Cada película realizada devenía una dificultad añadida a la hora de filmar la siguiente: costaba más desprenderse del oficio adquirido, renunciar a los trucos aprendidos, olvidar lo sabido, desnudarse, arriesgarse a la intemperie. Pialat gastaba un temperamento kamikaze; elegía el sesgo más difícil, el lugar más expuesto, para capturar aquello que sólo puede ser don del accidente: un destello tembloroso, volátil y fugitivo de súbita verdad  en carne viva en el curso del caos que propiciaba durante el rodaje, algo que ni siquiera podía conjeturar.


Néstor Almendros trabajó con el cineasta francés iluminando -y encuadrando- La gueule ouverte. En las páginas que le dedica a la película en Días de una cámara cuenta que Pialat puede rodar treinta o cuarenta tomas de un plano (en sus ochenta minutos La gueule ouverte tiene menos de cien planos; el director dice que ochenta)...
hasta que salte la chispa de vida deseada, quizá distinta de la que habían previsto el actor o el propio director.
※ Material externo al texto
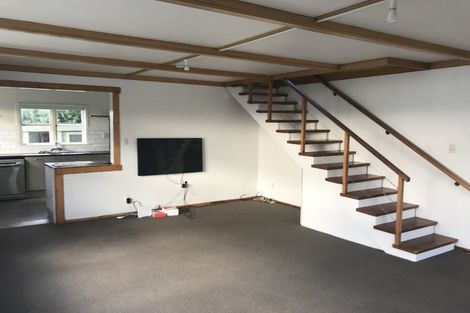 Photo of property in 41 Hungerford Road, Lyall Bay, Wellington, 6022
Estas y otras razones hacen que trabajar con Pialat sea agotador. Pero hay una recompensa, la certeza de saber que se ha colaborado con un artista cuya independencia y sinceridad rayan en la locura, un artista de una pureza absolutamente excepcional.
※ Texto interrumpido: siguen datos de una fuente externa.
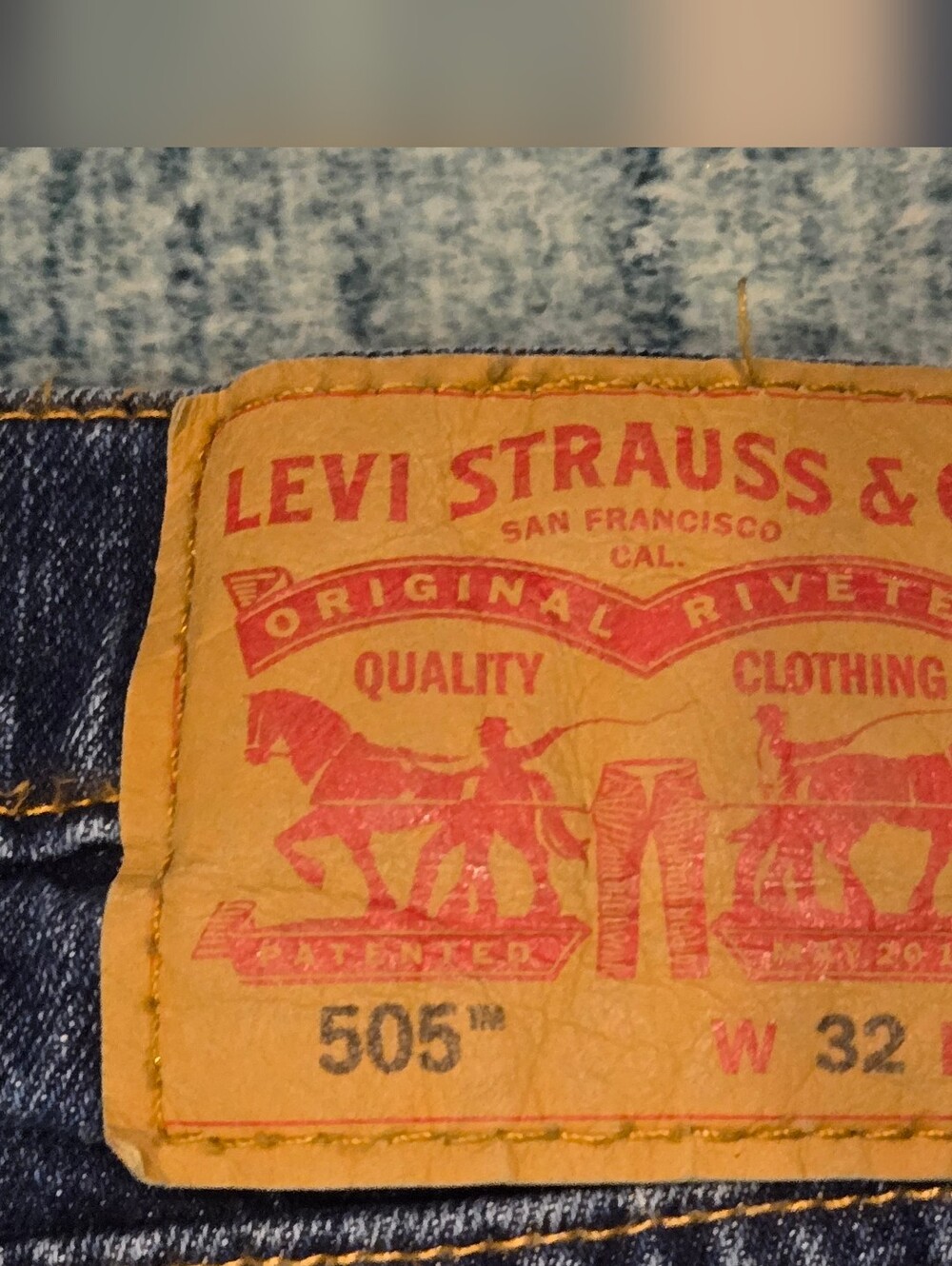Levi's 505's Blue Straight-Leg Jeans - Picture 4 of 4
Si las películas de Pialat nos duelen -y siempre duelen-, a él no le dolían menos. Quizá ninguna más dolorosa que La gueule ouverte. La boca abierta. Es verla y -como con todas las suyas- tienes la certeza de que sólo Pialat podía filmar una película así. Quizá como ninguna de las suyas puede resumirse en tan pocas palabras: Monique/Monique Mélinaud tiene los días contados, apenas unos meses; su marido, Roger 'Le Garçu'/Hubert Deschamps, su hijo Philippe/Philippe Léotard y la mujer de éste, la nuera, Nathalie/Nathalie Baye, la acompañan hasta que muere. En menos palabras aún: La gueule ouverte acompaña la agonía de Monique. Cuenta una agonía y esa agonía es lo que cuenta.


Decía Cocteau que el cine muestra la muerte trabajando, pues bien, La gueule ouverte muestra -literalmente- el trabajo de la muerte en Monique, la que se va, y, más importante si cabe, cómo la muerte trabaja sobre Roger, Philippe y Nathalie, los que se quedan, como nos trabaja a los que quedamos, a los testigos, porque como tales nos unge -así nos quiere- Pialat a los espectadores.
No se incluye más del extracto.